Everyday we are bombarded with stories of rising gas and energy prices. The USA Today recently had a front page article on the increases in electricity rates due to the rise in fuel costs. The article said utilities are raising rates up to 29% due to soaring fuel cots. Its not just oil that has skyrocketing prices, natural gas and coal have experienced dramatic increases as well. Since the beginning of the year coal prices have gone from around $60 per ton to well over $100 per ton (depending on the type of coal purchased).
Ohio businesses have yet to experience the impacts from what is happening in the energy markets. Until recent passage of Senate Bill 265, Ohio had frozen its electric rates so recent fuel cost spikes have not been taken into account in rates. As reported by John Funk in the Cleveland Plain Dealer, the utilities have begun meeting with the State to discuss price increases.
Ohio better brace itself for even a larger jolt in prices attributable to CO2 regulation.
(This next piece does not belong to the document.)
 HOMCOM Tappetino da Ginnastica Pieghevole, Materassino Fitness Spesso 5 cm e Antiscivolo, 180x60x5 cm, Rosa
Federal legislation such as S. 2191 (the Lieberman-Warner Bill), which would regulate carbon emissions, had a quick death a few weeks ago in the Senate. However, it is inevitable that federal legislation that establishes a carbon cap and trade program will pass soon after we have a new President (both McCain and Obama support the cap and trade approach).
With 87% of Ohio’s power coming from coal, what impact would such a cap and trade program have on Ohio? Most understand there will be an impact, but I’m not sure most understand the magnitude. To illustrate the impact, I attached a chart from U.S. EPA’s modeling of the impact of the Lieberman-Warner bill on electricity generation. The two charts project the amount of electricity generation from various sources (blue = coal, yellow = nuclear, green = other sources).
The chart to the left (click to enlarge image) is the status quo- no greenhouse gas regulation. It projects coal-fired power would continue to dominate generation in the US. The chart on the right shows what will happen if something close to Warner-Lieberman passes.
Not only does the amount of coal power shrink relative to nuclear and other sources like renewables, the composition of generation from coal dramatically shifts. The change from blue to red in the chart project the conversion of coal to carbon capture and sequestration (CCS). U.S. EPA projects that ALL coal plants will institute CCS by the year 2035. Why? Because the cost of emitting carbon will be so high that the economics will drive utilities to institute CCS.
Even U.S. EPA notes in its analysis that this projection is "optimistic." That certainly is an overstatement given the fact there are no successful CCS projects currently being implemented. So what does it mean if CCS is unrealistic in that time frame? It means huge cost increases for coal-fired utilities because the price of allowances under the cap and trade program will rise.
With fewer reductions there is a corresponding increase in the value of the C02 reduction credits used to offset emissions. Higher costs for C02 credits translates into larger compliance costs for coal-fired utilities. Those huge costs will be passed on to consumers in the form of electricity price increases.
Seems to me Ohio business and officials better start seriously considering the implications of federal regulation of CO2. I am not advocating against passage of greenhouse gas regulation. Ohio better start planning for a carbon constrained world and how electricity prices tied to coal generation may affect Ohio’s competitiveness.